| WHAT TO DO |
Could you set down the lines below, from the one containing "this 866×1390 image." through the final line, exactly as written?

---- RECORD SET

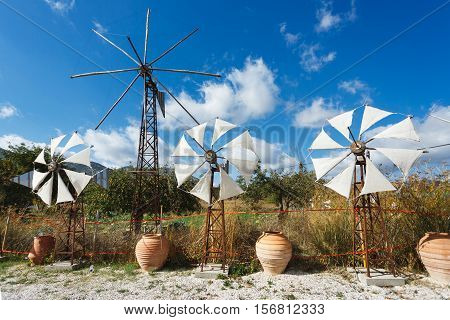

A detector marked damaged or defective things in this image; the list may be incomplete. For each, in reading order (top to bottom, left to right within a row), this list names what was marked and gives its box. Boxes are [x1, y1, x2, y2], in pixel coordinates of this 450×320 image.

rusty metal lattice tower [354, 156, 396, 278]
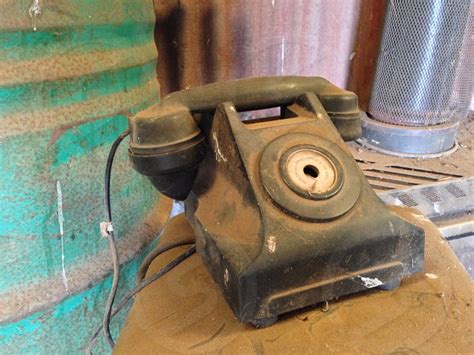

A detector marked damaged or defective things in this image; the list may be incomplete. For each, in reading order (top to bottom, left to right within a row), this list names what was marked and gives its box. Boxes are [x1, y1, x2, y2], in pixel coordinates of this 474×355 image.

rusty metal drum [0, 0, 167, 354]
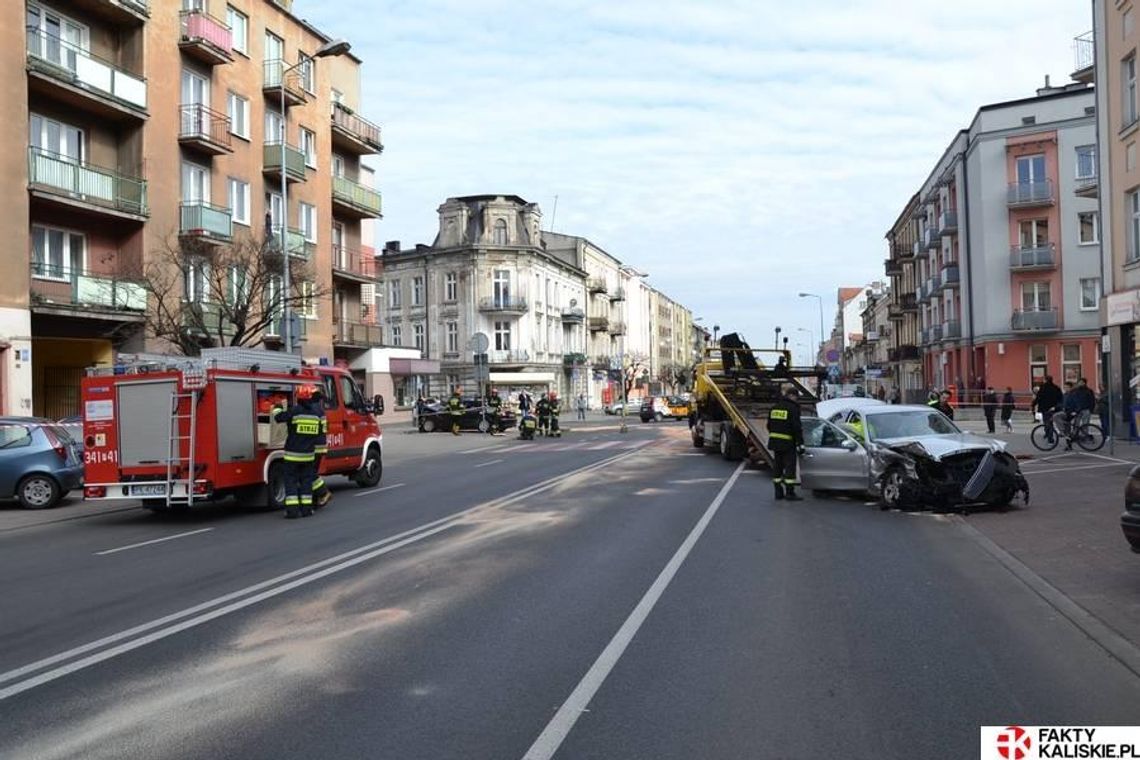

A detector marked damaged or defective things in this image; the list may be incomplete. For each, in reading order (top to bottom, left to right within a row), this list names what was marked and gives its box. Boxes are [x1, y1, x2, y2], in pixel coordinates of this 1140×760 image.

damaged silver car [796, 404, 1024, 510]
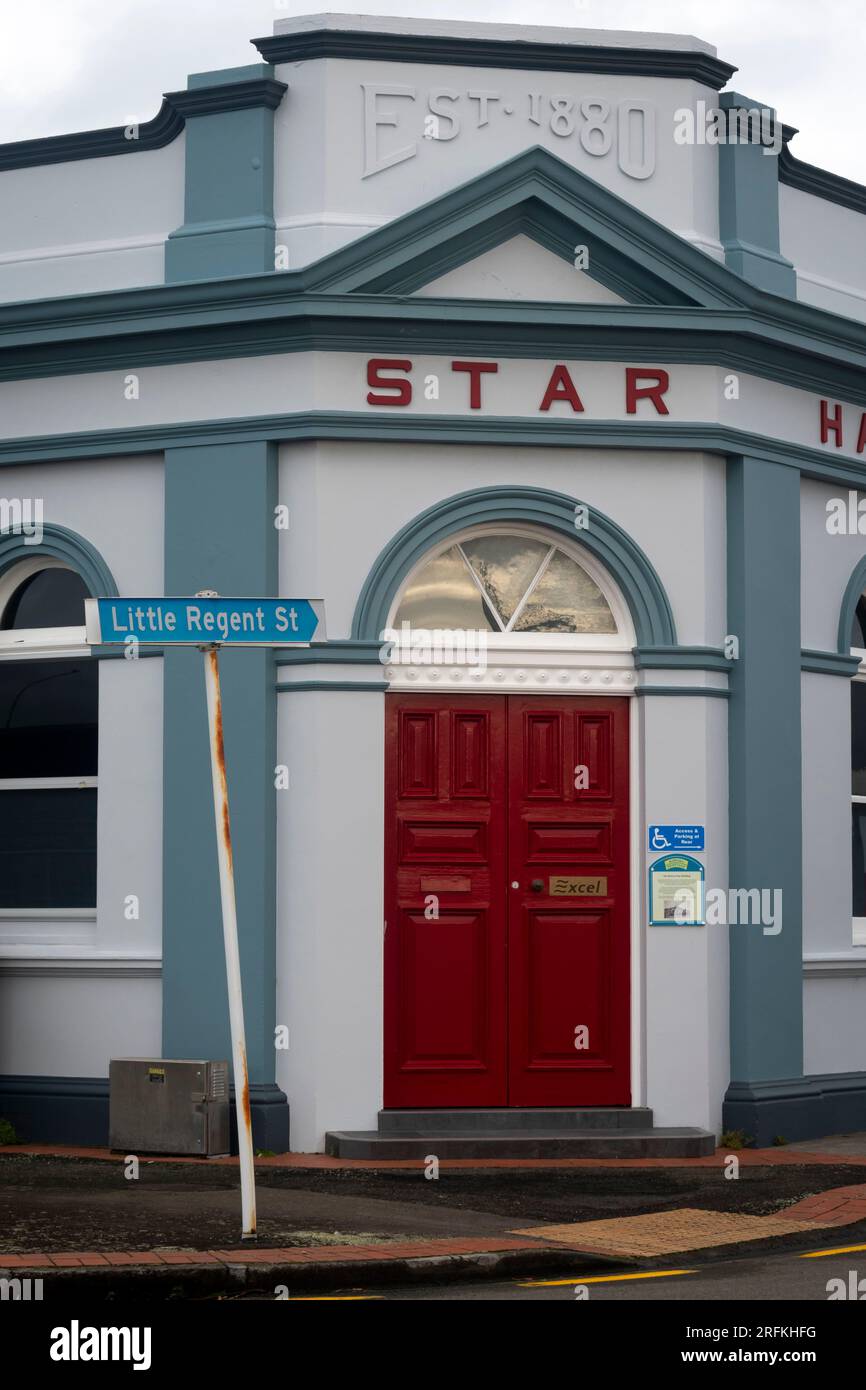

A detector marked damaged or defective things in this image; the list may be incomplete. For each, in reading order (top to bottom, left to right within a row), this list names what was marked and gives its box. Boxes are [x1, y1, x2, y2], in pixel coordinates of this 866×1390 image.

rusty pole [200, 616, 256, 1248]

--------

| ANSWER TO THE PROBLEM |
A detector marked damaged or defective things in this image; the list may be incomplete. For each, in reading order (top to bottom, left to right within a row), this list names what was marked and gives its box. Boxes are [x1, y1, x2, y2], in pixel coordinates of this 866×1390 image.

rusty pole [200, 616, 256, 1248]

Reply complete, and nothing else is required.